Exercise details — A faithful copy of the listing below is needed, one that contains no pictures.

Data extract —
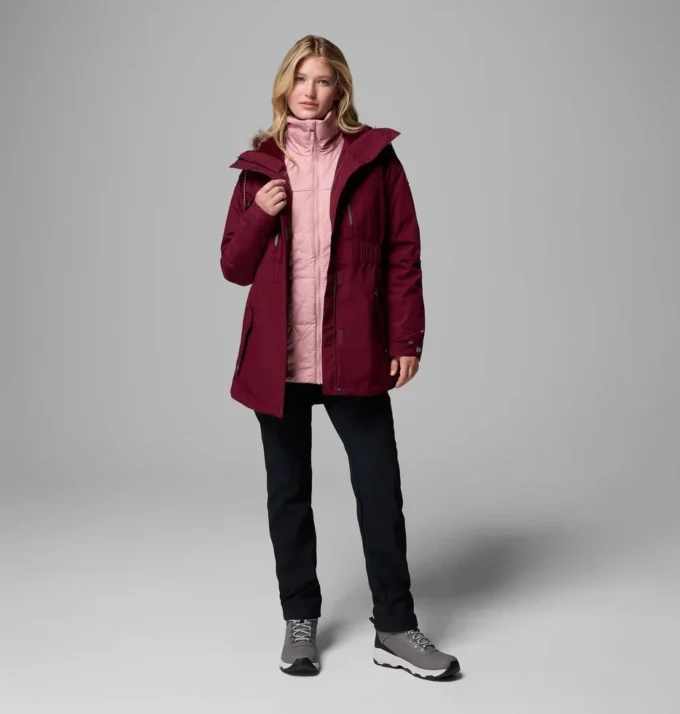 Women Payton Pass™ II Interchange Jacket Women Payton Pass™ II Interchange Jacket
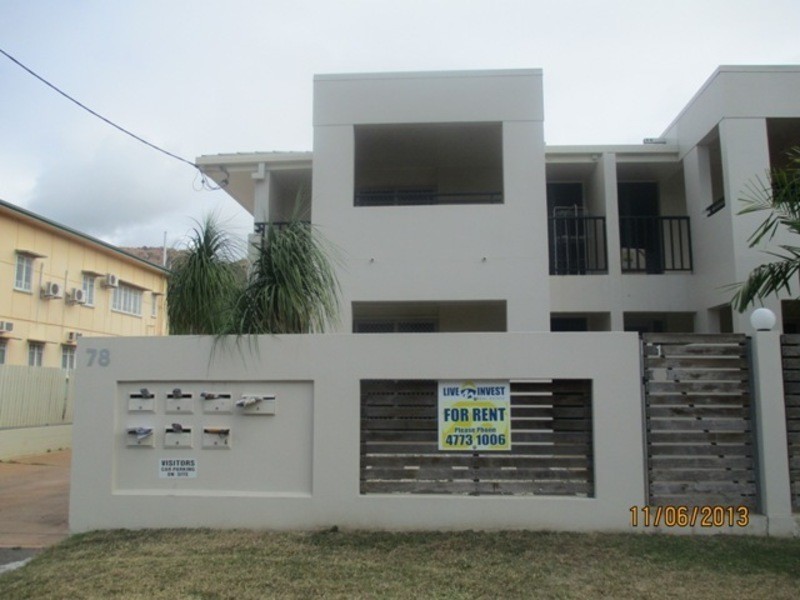 1/78 Eyre Street, North Ward QLD 4810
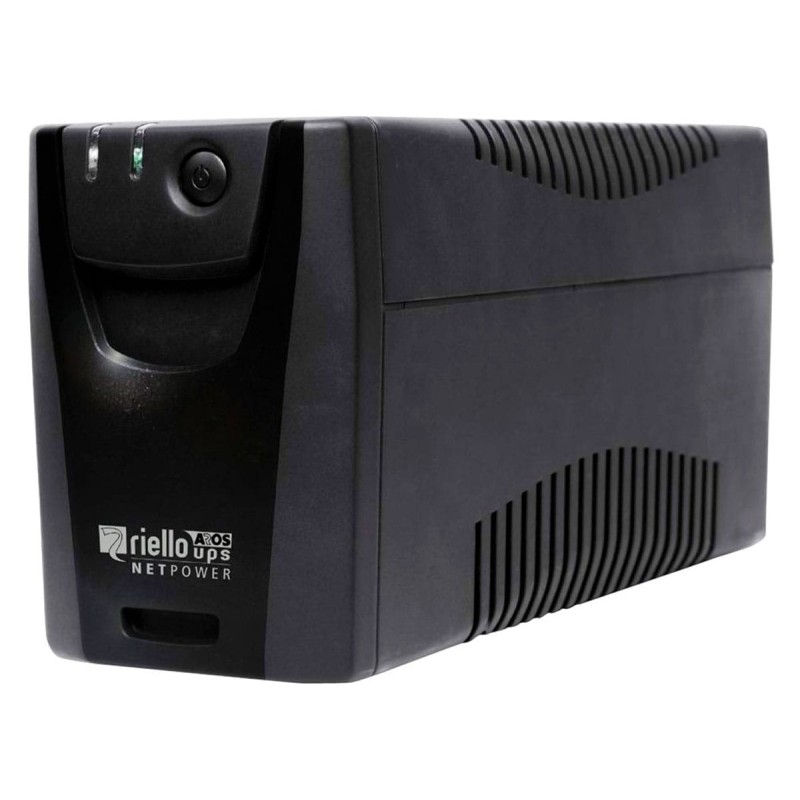 Comprar Riello Netpower Npw800de Sai Linea Interactiva 800VA 480W - Ganga Electrónica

Task answer —
 Women Payton Pass™ II Interchange Jacket Women Payton Pass™ II Interchange Jacket
 1/78 Eyre Street, North Ward QLD 4810
 Comprar Riello Netpower Npw800de Sai Linea Interactiva 800VA 480W - Ganga Electrónica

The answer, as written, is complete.